> _Your instructions_: A verbatim copy is needed of the lines below from the one containing "J and Sugar" up to and including the one containing "2013 Hyundai Elantra", excluding pictures.

· · · · · · ·

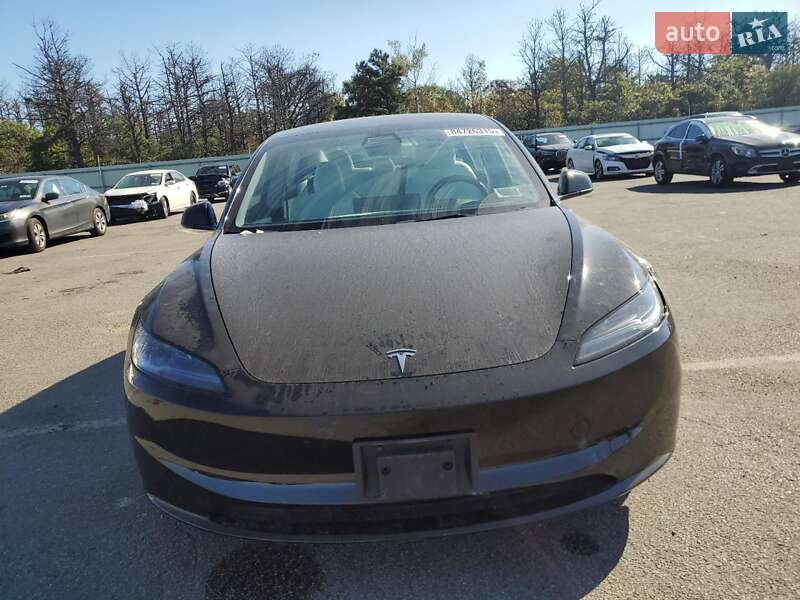 Седан Tesla Model 3 2024 в Луцьку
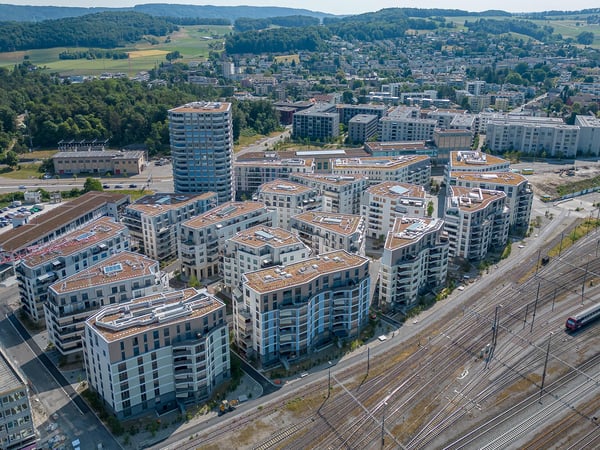Zentral gelegene, ausgebaute Bürofläche zu vermieten im beliebten Glasi-Areal Bülach 1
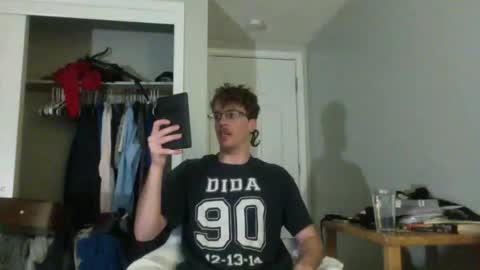 J and Sugar snap pea online show from 03/18/26, 03:31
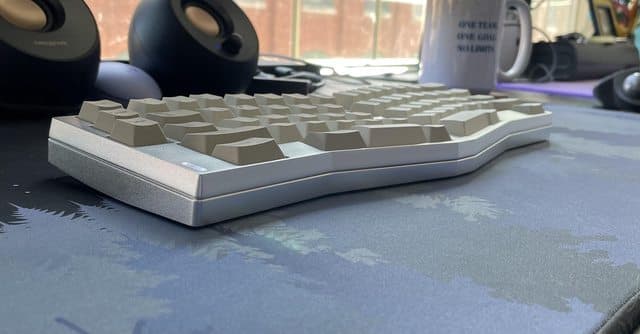 Alyssia - A thin bezel, dual mount Alice style keyboard - Updates 10/25/23 image 17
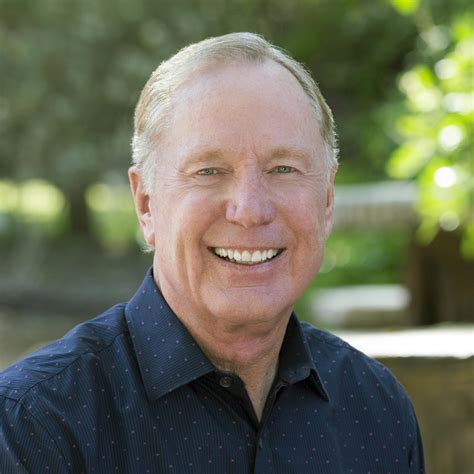 Max Lucado Livro - Max Lucado's Because of Bethlehem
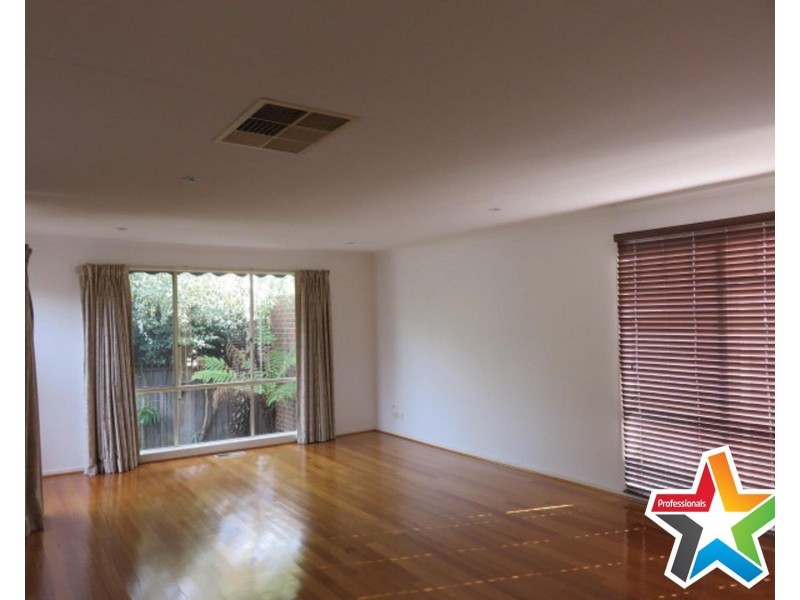 4/19 Luscombe Court, Kilsyth VIC 3137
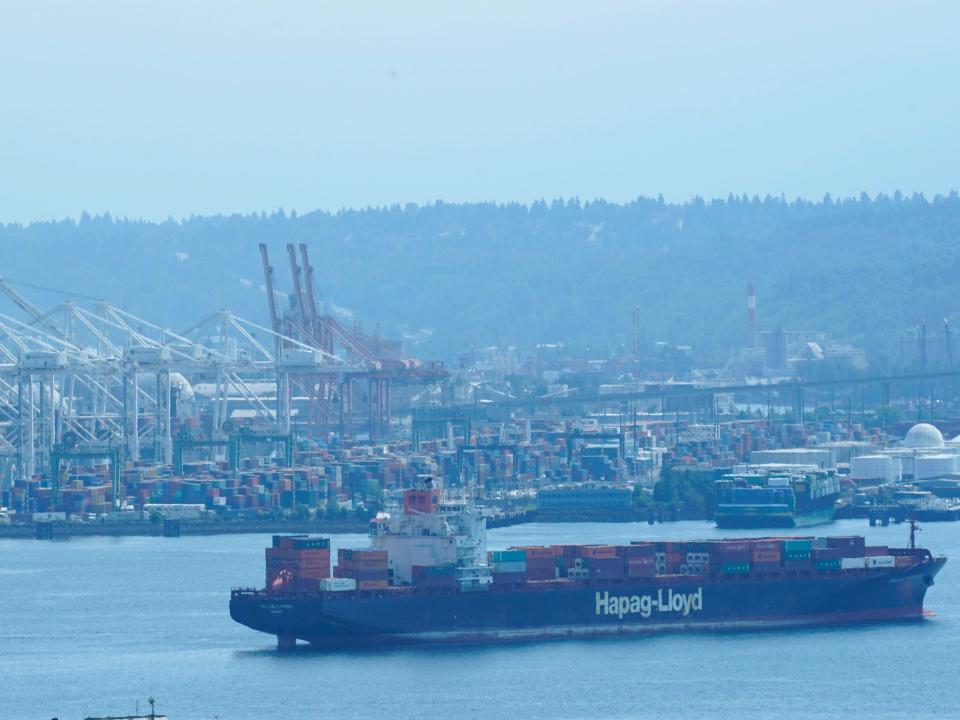 Hafenlotsen gehören zu den bestbezahlten städtischen Angestellten und sind für den Transport einer Ladung von entscheidender Bedeutung. - Copyright: Associated Press
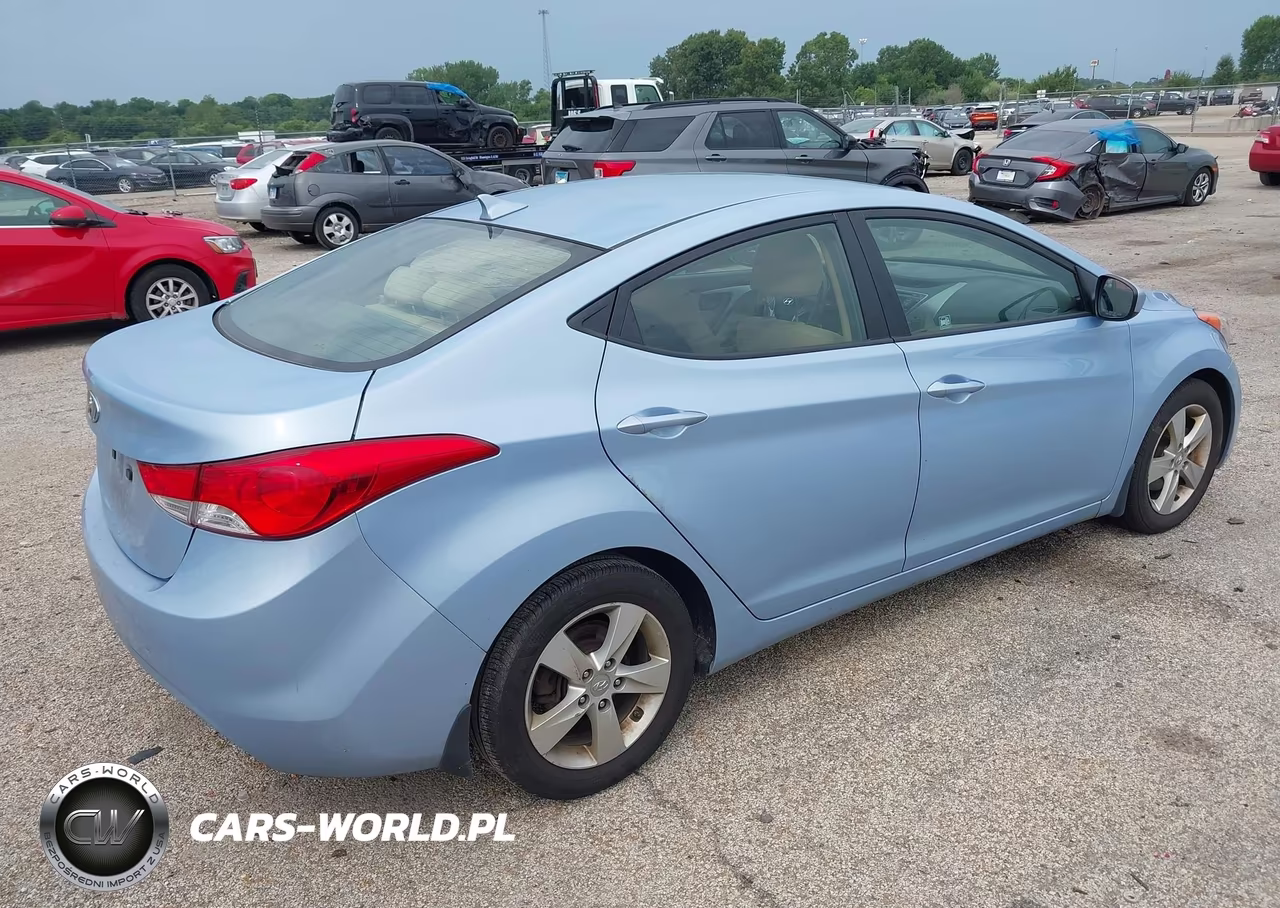 2013 Hyundai Elantra Gls VIN:KMHDH4AE0DU784301 - 4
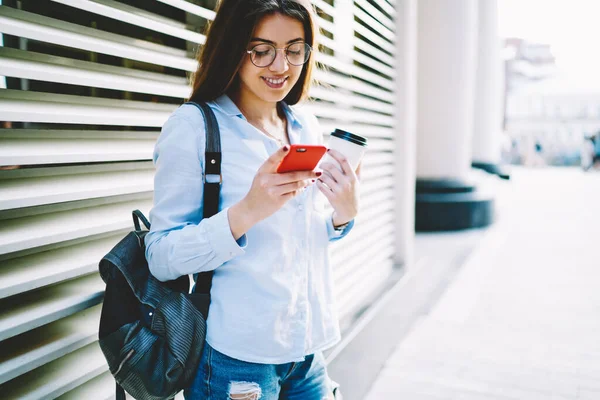 Feliz Estudiante Caucásica Lectura Gafas Ópticas Recibió Mensaje Texto Utilizando —  Fotos de Stock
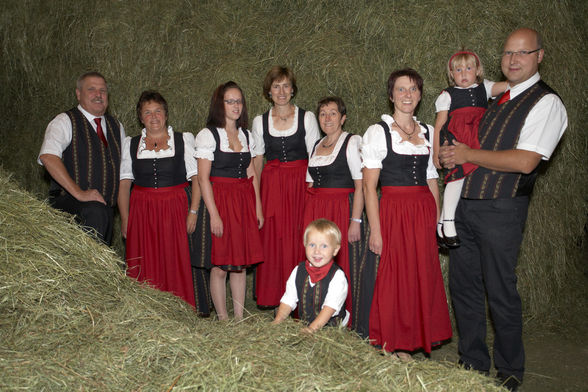 Schönegger Tracht :-) -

· · · · · · ·

> _The completed task_:
 J and Sugar snap pea online show from 03/18/26, 03:31
 Alyssia - A thin bezel, dual mount Alice style keyboard - Updates 10/25/23 image 17
 Max Lucado Livro - Max Lucado's Because of Bethlehem
 4/19 Luscombe Court, Kilsyth VIC 3137
 Hafenlotsen gehören zu den bestbezahlten städtischen Angestellten und sind für den Transport einer Ladung von entscheidender Bedeutung. - Copyright: Associated Press
 2013 Hyundai Elantra Gls VIN:KMHDH4AE0DU784301 - 4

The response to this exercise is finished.